First Drive: Porsche 911 GT3 RS
The new Porsche 911 GT3 RS is not only blisteringly fast over the infamous Nürburgring-Nordschleife, but it’s also a thoroughly rewarding driver’s car in every sense.
You could look at this latest version of the 911 GT3 RS as something of a mid-life update or facelift. Subtle changes here, slight tweaks there, all the usual things you might expect. But added up, this thing shaved 24 seconds off its predecessor’s lap time at Green Hell. Some think that it could have gone even faster.
Let’s start with the aero. There’s a lot of it, especially that huge fixed carbon fibre rear wing that has become something of a signature with the latest GT3 RS models. Its angle of attack can be changed to add or remove downforce levels as can the front-end thanks to some removable inserts that balance out the aero.
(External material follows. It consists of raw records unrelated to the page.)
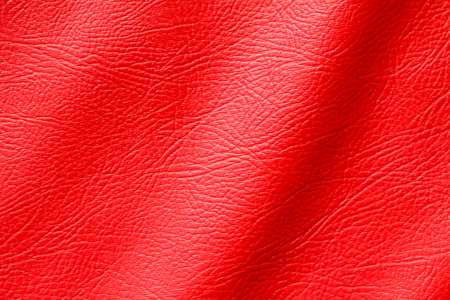 red background of leatheretteの写真素材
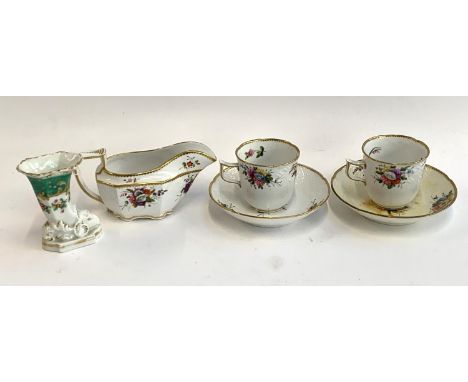 A pair of a Spode teacups and saucers, pattern no. 2527, together with a matching gravy boat and an unmarked porcelain cornuc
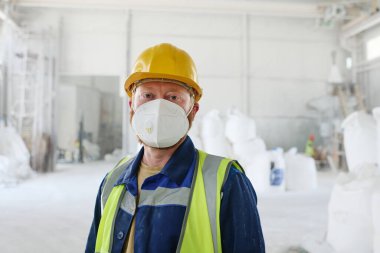 Modern fabrika işçisi ya da dağıtım deposu koruyucu solunum cihazı, iş giysisi ve güvenlik kaskı takmış kameraya bakıyor.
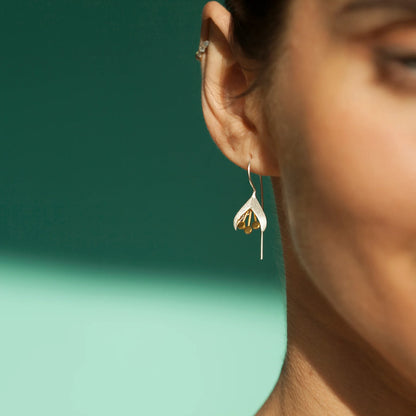 Model wearing satin silver snowdrop earrings with gold stamen details and long hooks
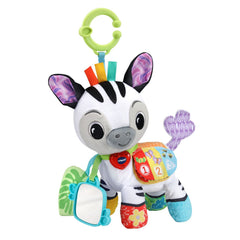 VTech Take Me With You Zebra ribbon tags invite safe teething and grasping.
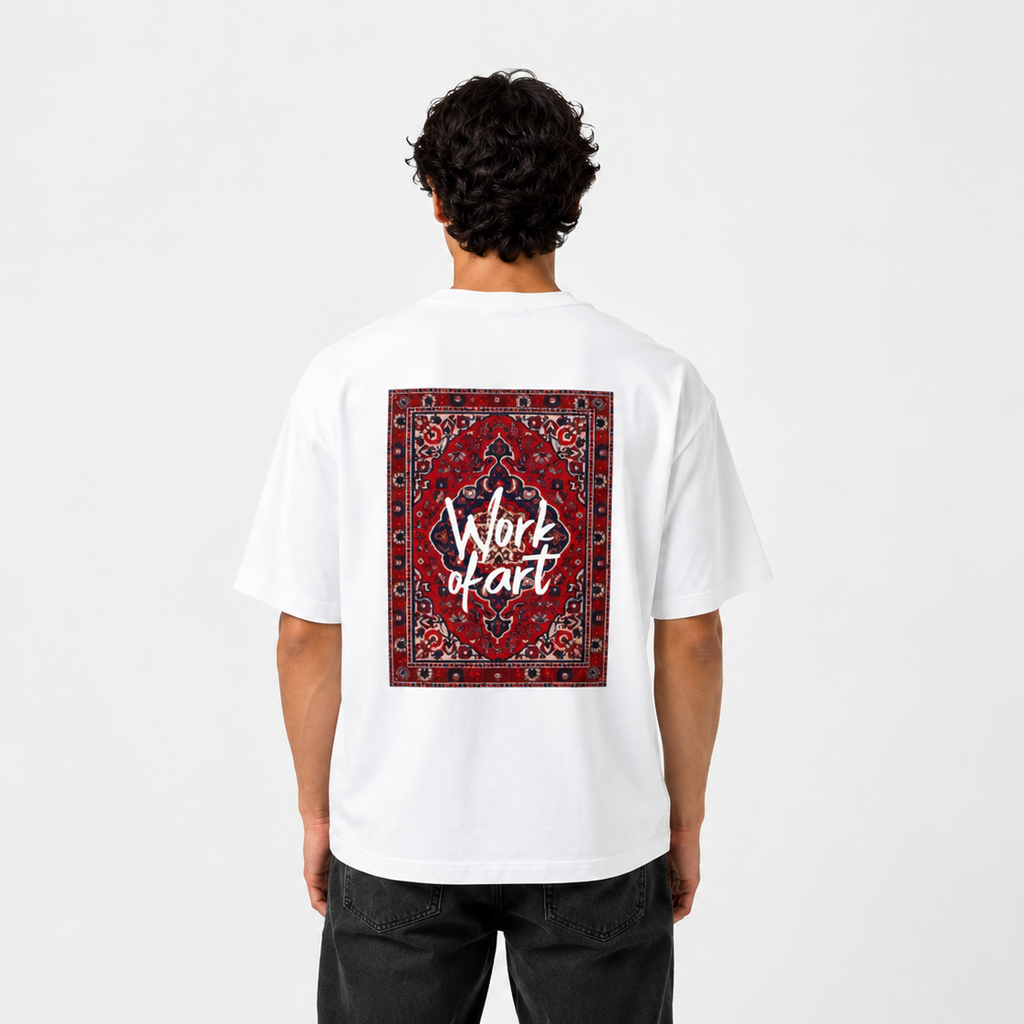 A man viewed from behind wearing a white t-shirt with a large red and black patterned graphic on the back featuring the text 'Work of art' in white script, paired with black jeans against a light gray background.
Other tweaks include new NACA ducts on the bonnet that channels cool air directly down to the brakes. Further back Porsche has utilised Gorilla Glass for the rear and rear side windows. Yes, that same material that Apples uses on its smartphone screens. It weighs close to the same as the polycarbonate items that Porsche put into the last model. The Gorilla Glass also isn’t prone to bulging at high speeds and offers better scratch resistance. Good news for Amercian buyers is that this will be available, whereas the polycarbonate windows weren’t.
New 4.0-litre engine
Then there’s that fabulous 4.0-litre naturally aspirated flat-six engine. Power output is up by 20hp to 520hp that arrives at an ear-piercing 8,250rpm. The boost isn’t just down to some new engine mapping; internally there are several changes. A new crank uses larger diameter bearings and features a new design that feeds oil directly to the big-end bearings. This process has allowed for the fitment of a more efficient oil pump as the flow rate drops from 120 litres per minute to 70 litres. In turn, this new pump draws less power from the engine. Plasma-coated cylinders also result in less friction.
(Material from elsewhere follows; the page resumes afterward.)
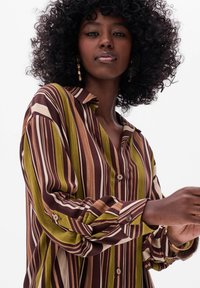 Button-up shirt featuring vertical stripes in green, brown, and cream. Made from a soft fabric with a relaxed fit and single button cuffs.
Maximum torque arrives at a lofty 6,000rpm, but it’s the urgency of the engine that is most spectacular. Our time with the car on the track at the Nürburgring circuit gave us ample opportunity to stretch its legs. Down the main straight it lays on speed at phenomenal rates. Even if you leave the gear shifts to the PDK transmission, it wrings every last rev out before kicking up another gear. When the revs build past 6,750rpm, the sound resonating around the stripped out cabin is intoxicating. There’s a hard-edged tone to it that makes it sound distinctly Porsche, only this one it turned up to eleven.
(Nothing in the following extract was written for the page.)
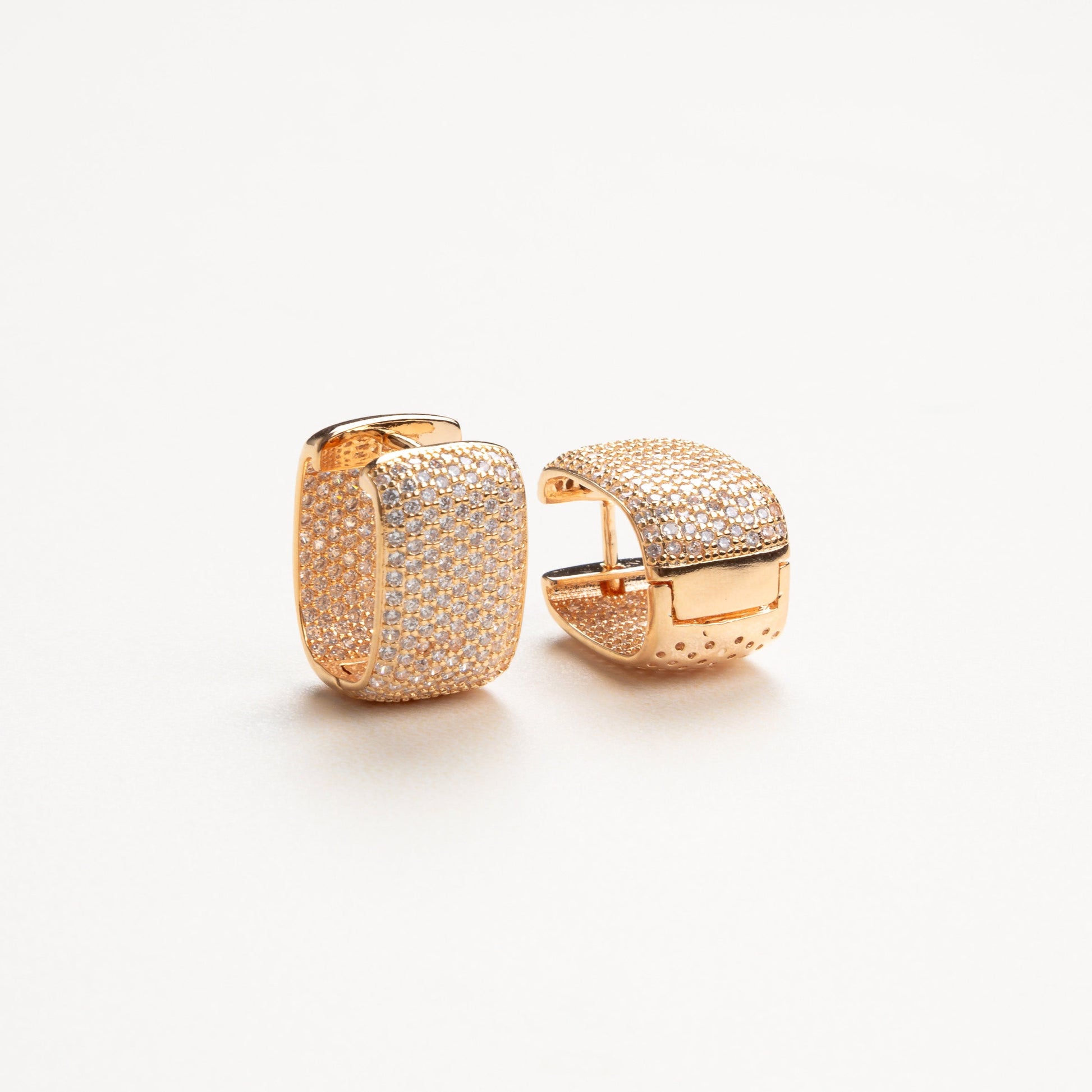 Detalle de los aretes con zirconias de tamaño mediano, mostrando el brillo y la claridad de las piedras, con una estructura delicada que aporta un toque moderno y refinado.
By its nature of being rear-engined, the 911 GT3 RS is challenged on balance, but boy, have those chassis engineers at Porsche done an excellent job. People, especially motoring journalists, love to criticise EPAS systems for being devoid of any steering feel. Everyone involved in calibrating these systems should go and drive this car. It nails how steering should feel. It’s as close to perfect as an electrically assisted system can get.
It delivers enormous levels of grip through fast bends. This grip comes both from the aerodynamic forces and also mechanically thanks to those sticky Michelin Pilot Cup Sport 2 tyres. Unsurprisingly there’s little in the way of body roll through corners. You can soften the adaptive dampers to make it feel a touch more civilised when driving on the road. There’s even the option to add a lifter kit to help negotiate multi-storey car parks.
The suspension tweaks are what mostly contribute to the increase in performance, and they played a big role in setting that mega lap time on the Nordschleife. Out on the road there is a good deal of compliance from the suspension, with enough adjustability at the flick of a button to make it easy enough to live with. It doesn’t feel quite as civilised as the Ferrari 488 Pista with its Bumpy Road setting, making the prospect on longer trips less enticing.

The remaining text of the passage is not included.